*Information:*
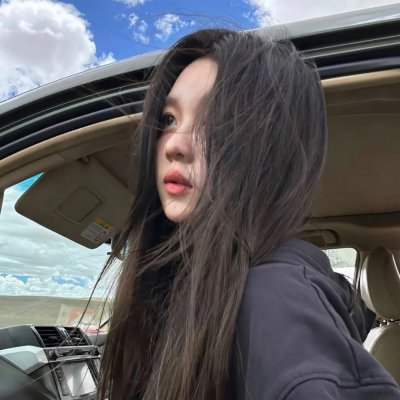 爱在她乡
---
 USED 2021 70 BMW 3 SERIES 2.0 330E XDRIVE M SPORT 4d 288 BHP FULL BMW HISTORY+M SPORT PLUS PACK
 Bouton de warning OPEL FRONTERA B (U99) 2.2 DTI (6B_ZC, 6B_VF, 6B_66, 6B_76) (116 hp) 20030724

*What is required:* Everything above from the line with "USED 2021 70" to the line with "Bouton de warning", both included, must be repeated exactly, and nothing outside that range.

*Exercise result:*
 USED 2021 70 BMW 3 SERIES 2.0 330E XDRIVE M SPORT 4d 288 BHP FULL BMW HISTORY+M SPORT PLUS PACK
 Bouton de warning OPEL FRONTERA B (U99) 2.2 DTI (6B_ZC, 6B_VF, 6B_66, 6B_76) (116 hp) 20030724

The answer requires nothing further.